[Kdenlive-devel] Cutting list file format specification, Version 0.02

Sun May 26 16:27:36 UTC 2002

Hi,

I haven't been able to code anything for the last week, partly for exams and 
partly because kde3-devel rpms seem to have become broken in latest mandrake 
cooker. Grrr!

On Sunday 19 May 2002 7:57 am, Christian Berger wrote:
> Jason Wood schrieb:
> > On Saturday 18 May 2002 9:05 pm, Christian Berger wrote:
> > > > > Well I don't know if we'll ever need it, but it sure is an
> > > > > interresting piece of information. Maybe we should also define a
> > > > > "creator" command, telling us which programm created the cutlist.
> > > > > Maybe also a date and comment field. Those fields definitely are
> > > > > good for recovering broken harddisks :)
> > > >
> > > > Of course, if you hard disk has died, recovering the cutting list is
> > > > probably the least of your worries -
> > >
> > > Or think of undeleting files.
> > >
> > >From experience it's normally the video files which get accidentally
> > > deleted
> >
> > if the uninitiated are editing (what, you mean I still actually need the
> > video clips? I thought I'd put it all in the project... :-)), and there
> > isn't a whole lot that can be done about that except to make sure that
> > you've got backups!
>
> Oh well, then maybe we don't need file versions :)

File versions is there more for making sure that the cutter and cutting list 
generator are compatable with each other. Considering that there is no 
particular reason why the cutter and cutting list generator could not reside 
on different computers/operatiing systems (if we look far enough into the 
future...) I think it's for the best that it is added now.

> > > Well I think here my version is best, since it's a real programm we can
> > > do "anything" in forth.
> >
> > We can also do anything in c/c++... when it comes down to it though, the
> > cutting list merely describes what is being done, it should not have
> > anything to do with carrying it out.
>
> True, but especially for the interpolitations I guess forth would make a
> lot of sense. It greatly simplifies the syntax. Maybe we can define
> standard programms used for certain interpolitations which can be
> recogniced by the parser and then "executed" without beeing interpreted.

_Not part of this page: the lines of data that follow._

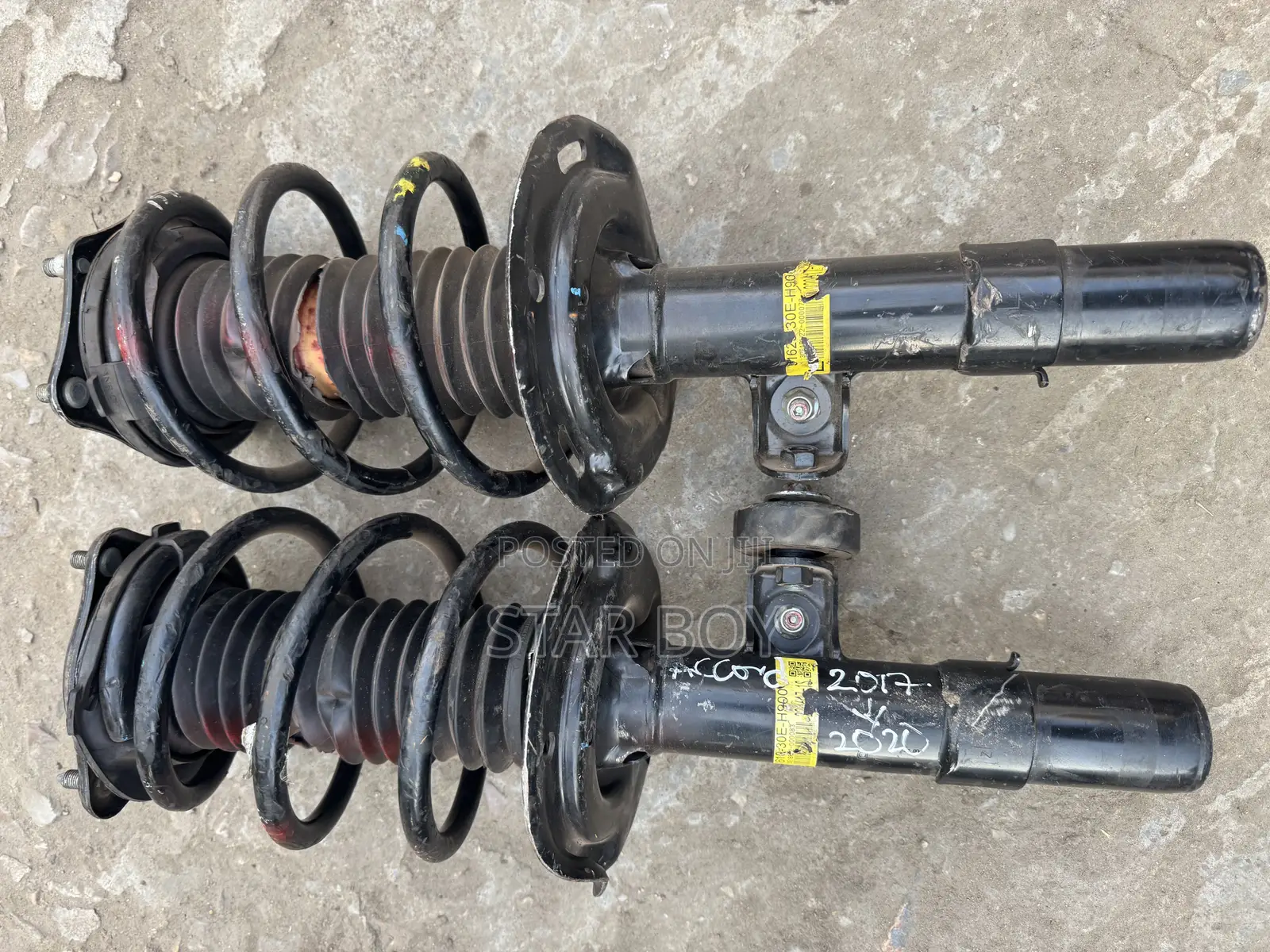 Honda Accord: 2017 to 2025 Front Shocks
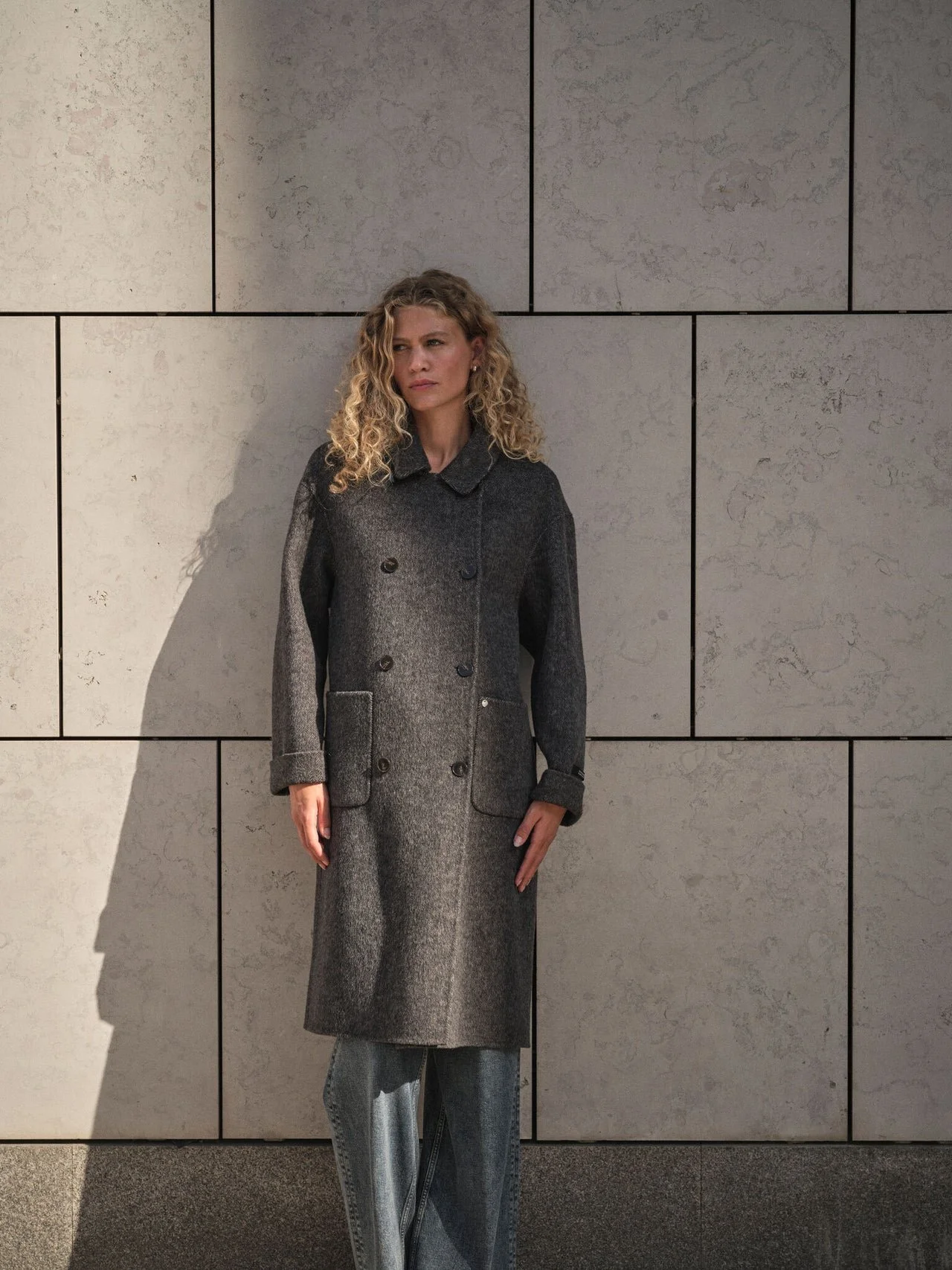 sirene-mos moch-grey-coat-lucca3.jpg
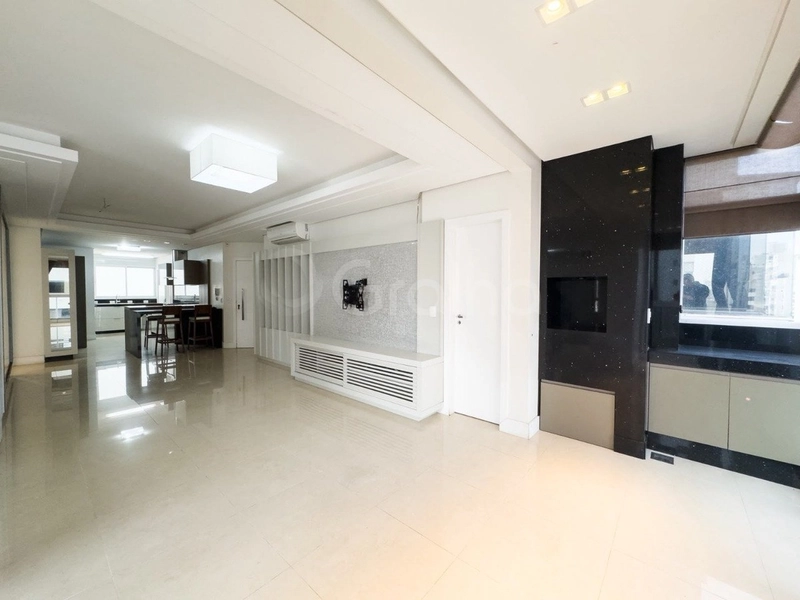 Apartamento no Centro a venda  com 3 suítes  e 2 vagas - 132m²: 3ª foto da galeria de imagens do imóvel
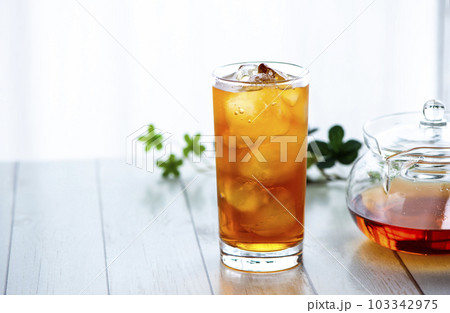 窓際の冷たいアイスティー 窓際の冷たいアイスティー 103342975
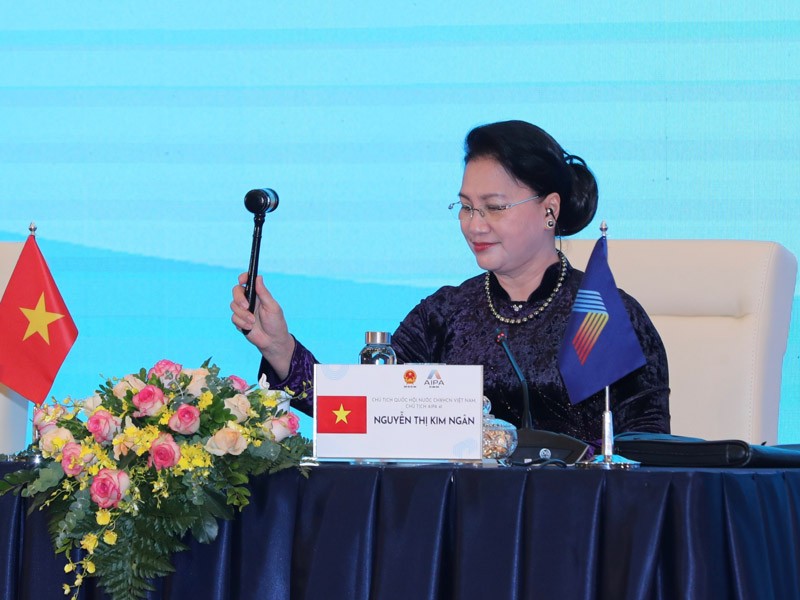 Chủ tịch AIPA 41 Nguyễn Thị Kim Ngân điều hành phiên bế mạc (Ảnh VT).
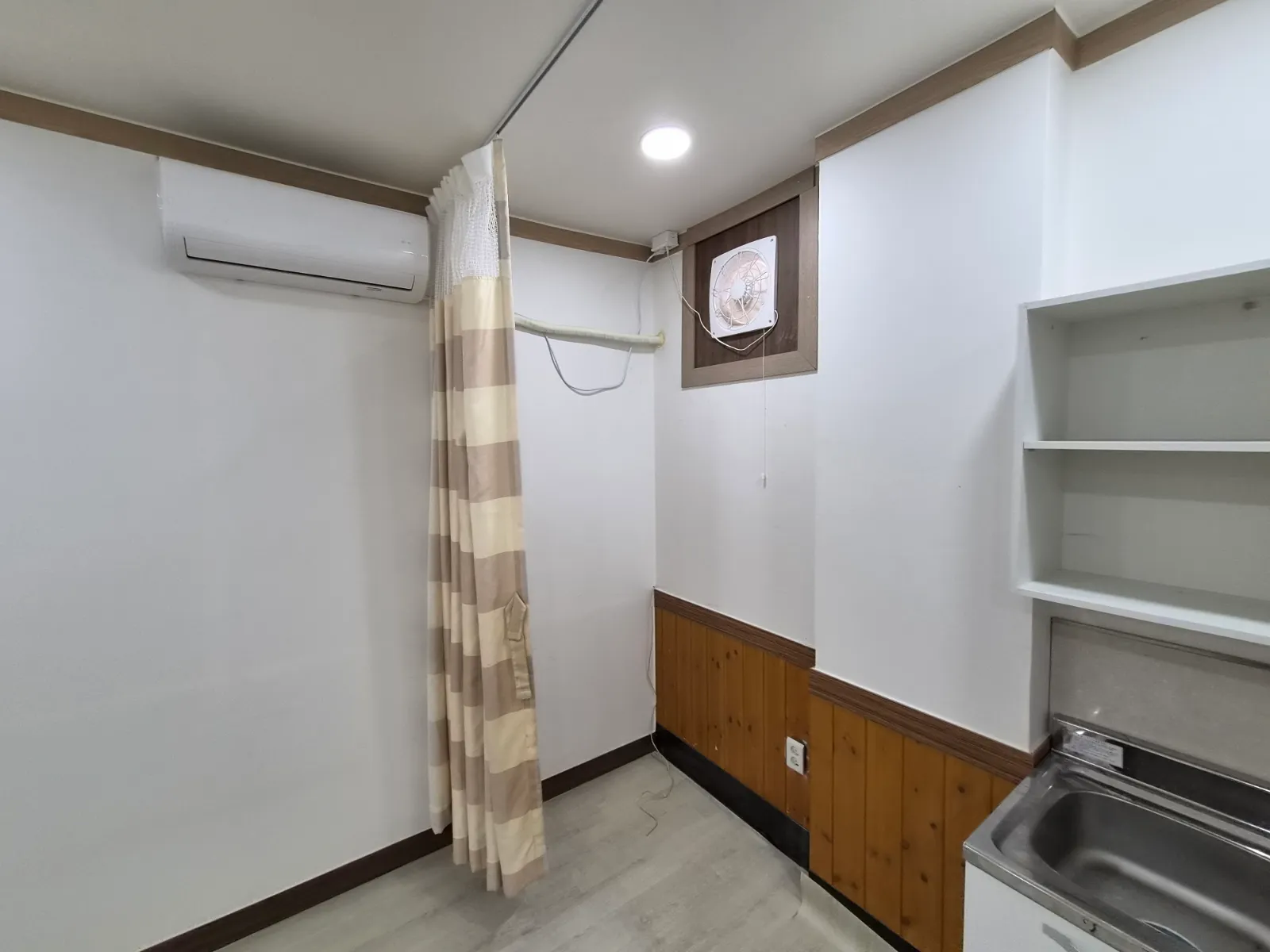 마사지샵 철거 현장 사진 8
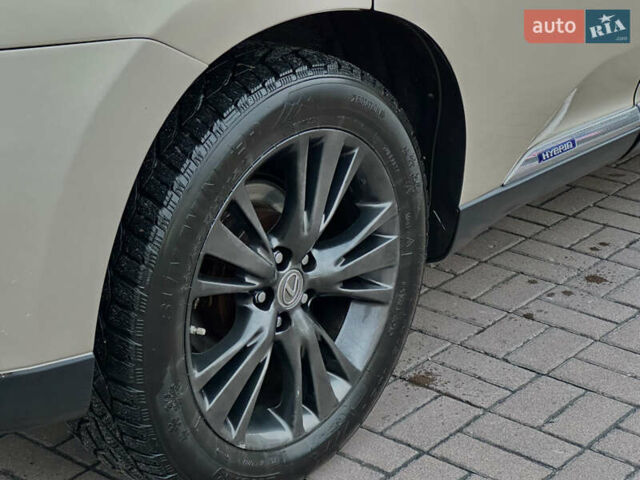 Бежевый Лексус РХ, объемом двигателя 3.46 л и пробегом 162 тыс. км за 18500 $, фото 5 на Automoto.ua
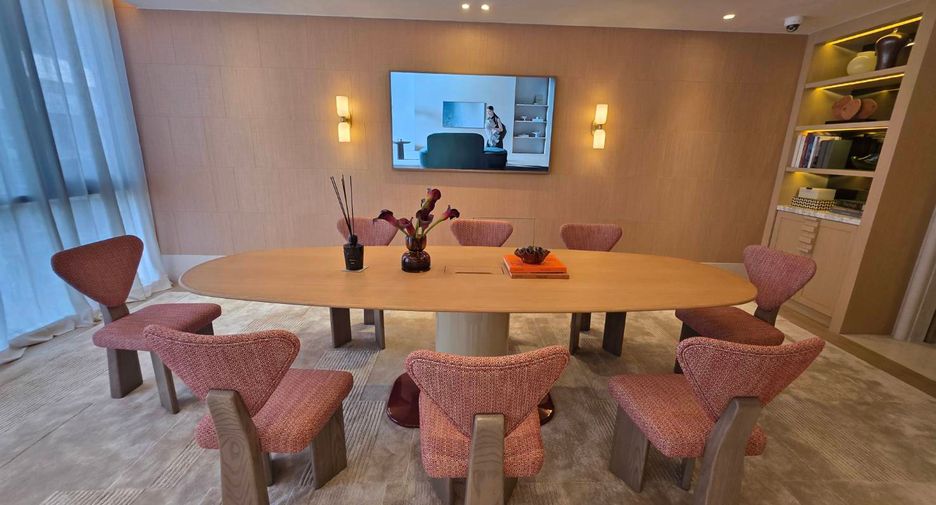 For sale 3 bedrooms condo in Khlong Toei, Bangkok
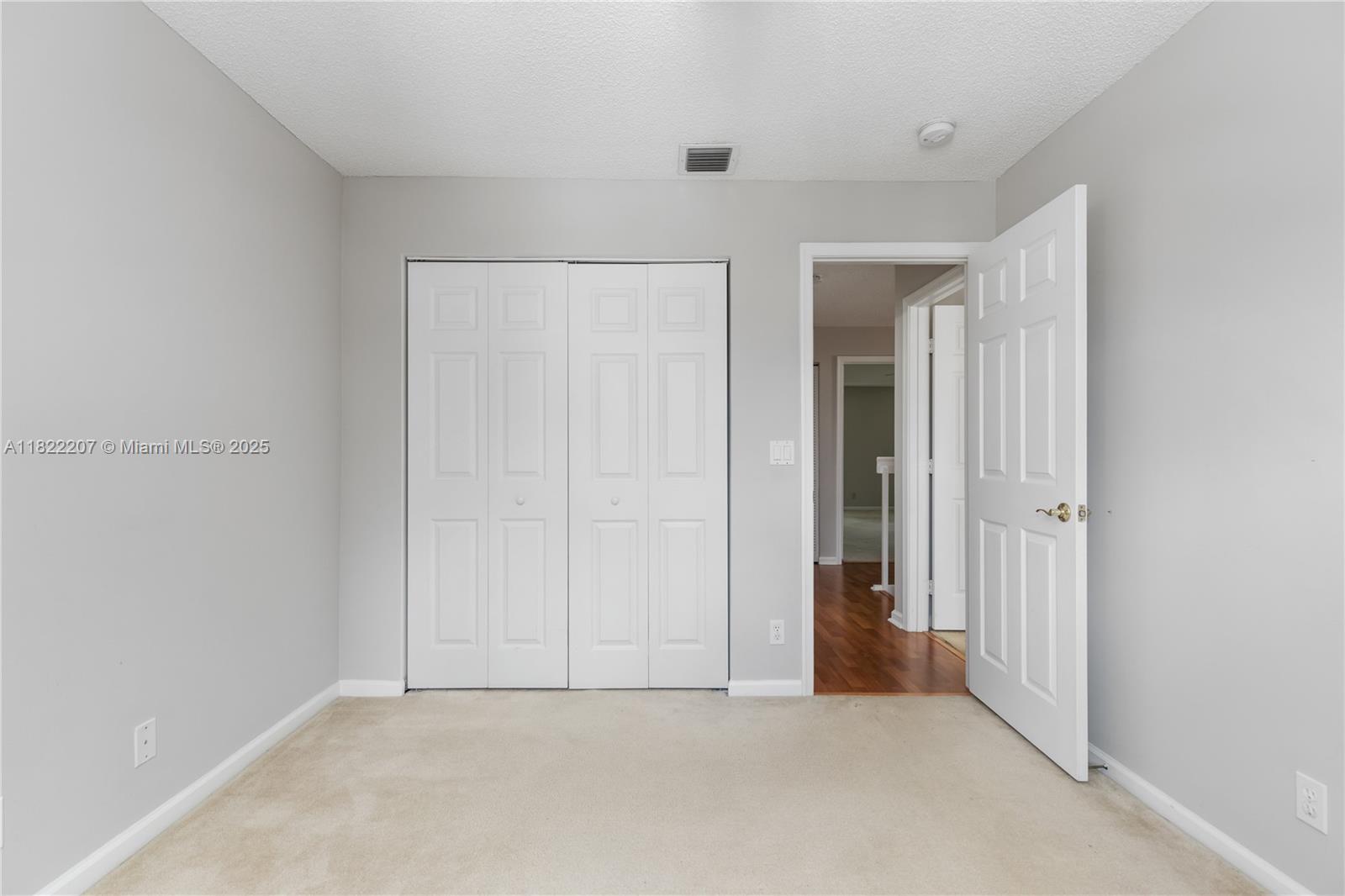 REGENCY LAKES AT COCONUT - Residential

Which means that there is no real difference between writing as a stack, or 
writing it as some other form of syntax. If we do have programmable 
interpolations, etc. then they would be better off in the user interface, and 
translated down to a simple form for the cutting list. This means that :

a) the cutter isn't as complicated to write, 
b) that the choice of language is irrelevant - the UI could implement 
interpreters for forth, fortran, scheme, perl (as seperate modules) and the 
cutter need not know the difference between them.

Another problem is that the forth interpreter would not be able to "run" 
anyway - the values it outputs depends on what it is asked of it by the scene 
renderer - it's possible that a scene might not be rendered frame-by-frame. 
Perhaps a particular cutter running on a 2 processor machine could make 
clever optimisations by processing two frames at once. This differs from the 
idea of using multiple cutters on a single machine, but we have yet to 
determine which way is a more viable option.

If we assume random access, then we either need a program which takes a value 
and outputs an expression, which is what the cutter would basically be doing 
without an interpreter anyway, or the program would need to be run from the 
start to the required time every time a value was required, which would be 
incredibly slow.

Also remember that this is not strictly required at all - everything to do 
with interpolations could be handled with linear interpolations and splitting 
scenes up to a finer grain (1 for each frame is necessary) so I do not think 
that we should spend to much time trying to be clever on interpolations.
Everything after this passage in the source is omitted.